PopMatters has scoured the musical spectrum for the best examples of the protest song form, including anthems of great popularity and obscurity alike. Our list concludes today with the most recent examples of important protest music.

Anohni: “4 Degrees” (2016)

“4 Degrees” is a soaring ode to reckless cruelty couched in the front end of Anohni’s Hopelessness, her long-form blistering indictment of modern times. What makes “4 Degrees” stand out in this compelling set is not only the stirring production by Hudson Mohawke and Oneohtrix Point Never, on which razor-edged industrial hits stalk up against staccato stabs of strings and blaring horns, the likes of which Gabriel would blow. The lyrics somehow pierce even more brutally. Here, Anohni fully embodies the death drive at work behind inaction on climate change not through ironic condemnation, but by embracing this destructive tendency, announcing at one point, “I want to burn the sky / I want to burn the breeze”. Anohni explained this unique perspective to NPR by saying “the idea was to give voice to the narrative that underscores the reality of my behavior, rather than my intention.”

In admonishing herself for her own complicity, Anohni presents banal-seeming actions like overconsumption and driving gas-guzzling vehicles as monstrous decadence whose appeal comes not from a cavalier ideological complacency, but an actively transgressive and destructive impulse. The cavalier refrain “It’s only four degrees”, alluding to the amount the hypothetical amount the temperature needs to rise for us to pass the point of no return, is boiling in double meaning. On the one hand, it’s a dismissal that makes the annihilation of entire species sound trivially easy. On the other, it declares in no uncertain term just how little left we have to go to reach the brink of total ecocide. – Timh Gabriele


A Tribe Called Quest: “We the People…” (2016)

November 8, 2016 was a day of mourning for many who felt that a large portion of the United States had chosen to bury or discard them. It’s hard to express the sadness, rejection, and fear felt around the country by black folks, Mexicans, poor folks, Muslims and gays, who felt like they were, at best, being shown the door. But every so often, the thrust of history allows a cultural milestone to come along at exactly the right moment to help guide its next steps. Dropped on November 17th, A Tribe Called Quest’s comeback single “We the People…” was perhaps the fiercest thing they’d ever recorded, providing a clear marching order to righteous anger and massive political upheaval.

A compact and volatile three minutes, the track is a burst of energy led by huge Black Sabbath drum breaks and street-quaking low end. It’s easy to forget that it’s just two wildly allusive verses, one by the impeccable rap don Q-Tip and one by his late wordsmith colleague Phife Dawg. Armed with a tank of sound, the punctuations made by each instrumental pause serve to highlight the massive structural inequalities expressed, such as when Q-Tip evokes the ubiquitous poverty meal “the Ramen noodle” as a Jacobin-esque rallying cry against those who are “in the killing-off-good-young-nigga mood”. The potency of this record is such that it demands listeners halt and take notice, an attribute crucial to every essential protest anthem. – Timh Gabriele


Hurray For the Riff Raff: “Pa’lante” (2017)

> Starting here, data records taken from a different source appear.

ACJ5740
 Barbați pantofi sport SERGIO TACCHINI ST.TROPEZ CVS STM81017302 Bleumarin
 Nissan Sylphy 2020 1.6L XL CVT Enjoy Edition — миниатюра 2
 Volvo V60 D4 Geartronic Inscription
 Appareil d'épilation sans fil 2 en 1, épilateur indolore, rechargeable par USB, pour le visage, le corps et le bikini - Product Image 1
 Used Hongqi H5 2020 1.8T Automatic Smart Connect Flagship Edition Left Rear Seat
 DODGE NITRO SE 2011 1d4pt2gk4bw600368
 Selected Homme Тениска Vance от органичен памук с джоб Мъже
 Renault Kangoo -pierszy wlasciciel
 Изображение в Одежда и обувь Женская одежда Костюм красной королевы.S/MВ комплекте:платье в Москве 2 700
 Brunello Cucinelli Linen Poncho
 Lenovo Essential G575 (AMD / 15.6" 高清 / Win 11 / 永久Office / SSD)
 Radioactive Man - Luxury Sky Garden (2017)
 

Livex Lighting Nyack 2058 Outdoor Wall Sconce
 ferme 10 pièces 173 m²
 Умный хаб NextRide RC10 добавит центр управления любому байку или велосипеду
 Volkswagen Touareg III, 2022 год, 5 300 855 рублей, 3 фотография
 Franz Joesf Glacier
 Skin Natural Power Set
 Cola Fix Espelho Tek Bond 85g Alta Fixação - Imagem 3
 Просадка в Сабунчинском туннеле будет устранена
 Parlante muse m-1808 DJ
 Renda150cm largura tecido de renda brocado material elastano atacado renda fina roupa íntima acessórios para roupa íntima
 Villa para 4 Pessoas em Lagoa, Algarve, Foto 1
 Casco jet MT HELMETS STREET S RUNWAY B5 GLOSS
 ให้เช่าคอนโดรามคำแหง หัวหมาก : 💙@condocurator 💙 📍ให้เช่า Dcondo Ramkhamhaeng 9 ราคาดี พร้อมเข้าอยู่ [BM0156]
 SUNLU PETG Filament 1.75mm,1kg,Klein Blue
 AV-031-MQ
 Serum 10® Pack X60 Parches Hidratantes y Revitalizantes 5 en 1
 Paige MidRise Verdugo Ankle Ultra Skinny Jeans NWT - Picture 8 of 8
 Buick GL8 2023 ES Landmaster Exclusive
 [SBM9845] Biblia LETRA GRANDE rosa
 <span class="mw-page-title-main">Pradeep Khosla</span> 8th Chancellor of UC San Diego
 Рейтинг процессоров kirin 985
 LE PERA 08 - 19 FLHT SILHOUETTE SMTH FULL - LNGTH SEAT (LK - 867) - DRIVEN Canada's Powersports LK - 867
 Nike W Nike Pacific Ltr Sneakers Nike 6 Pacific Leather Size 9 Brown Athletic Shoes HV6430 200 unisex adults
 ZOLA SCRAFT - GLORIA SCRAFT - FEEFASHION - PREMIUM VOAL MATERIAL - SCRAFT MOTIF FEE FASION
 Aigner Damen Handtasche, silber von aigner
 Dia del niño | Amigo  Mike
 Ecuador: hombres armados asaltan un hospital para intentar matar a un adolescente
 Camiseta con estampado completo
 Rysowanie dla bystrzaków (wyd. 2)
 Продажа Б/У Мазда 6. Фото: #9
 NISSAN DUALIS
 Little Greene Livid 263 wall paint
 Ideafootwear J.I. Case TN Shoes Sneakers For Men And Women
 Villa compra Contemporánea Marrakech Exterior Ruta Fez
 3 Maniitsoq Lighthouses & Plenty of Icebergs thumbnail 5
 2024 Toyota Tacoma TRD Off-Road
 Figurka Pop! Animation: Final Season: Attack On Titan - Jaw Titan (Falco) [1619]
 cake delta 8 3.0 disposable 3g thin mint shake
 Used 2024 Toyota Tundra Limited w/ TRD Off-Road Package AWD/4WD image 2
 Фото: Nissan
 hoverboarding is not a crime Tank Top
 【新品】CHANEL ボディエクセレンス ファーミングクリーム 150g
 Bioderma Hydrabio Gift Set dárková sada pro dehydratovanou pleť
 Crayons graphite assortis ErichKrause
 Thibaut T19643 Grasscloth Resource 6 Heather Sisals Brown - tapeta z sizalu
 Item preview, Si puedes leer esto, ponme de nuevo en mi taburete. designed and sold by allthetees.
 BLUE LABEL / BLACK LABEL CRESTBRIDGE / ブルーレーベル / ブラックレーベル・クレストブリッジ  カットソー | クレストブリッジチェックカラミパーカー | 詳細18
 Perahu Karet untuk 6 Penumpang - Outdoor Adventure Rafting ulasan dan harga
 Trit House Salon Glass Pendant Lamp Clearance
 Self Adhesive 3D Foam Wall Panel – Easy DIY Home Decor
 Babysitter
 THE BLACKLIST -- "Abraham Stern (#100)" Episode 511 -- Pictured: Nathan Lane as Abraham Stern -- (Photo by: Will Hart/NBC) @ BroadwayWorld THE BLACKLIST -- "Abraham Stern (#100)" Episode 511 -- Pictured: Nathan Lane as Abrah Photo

Pa’Lante literally means “forward” or “straight ahead”, but depending on the context it can mean a lot of things like “Forward!”, “Keep at it”, “Onward and upward” – things along those lines. It was the name of a newspaper published by the Young Lords, a Puerto Rican activist group late 1960s because of those connotations. Lead singer Alynda Lee Segarra begins by spitting out the lyrics as she rants about the squalid living conditions of Puerto Ricans in NYC, the injustices of the naturalization process, and the crushed hopes of those who came north seeking a better life. “Colonized and hypnotized, be something / Sterilized, dehumanized, be something,” she proclaims over a simple accompaniment with the hope of one facing incredible odds. She romanticizes the nobility of the struggle and offers compassion to those who lived through it.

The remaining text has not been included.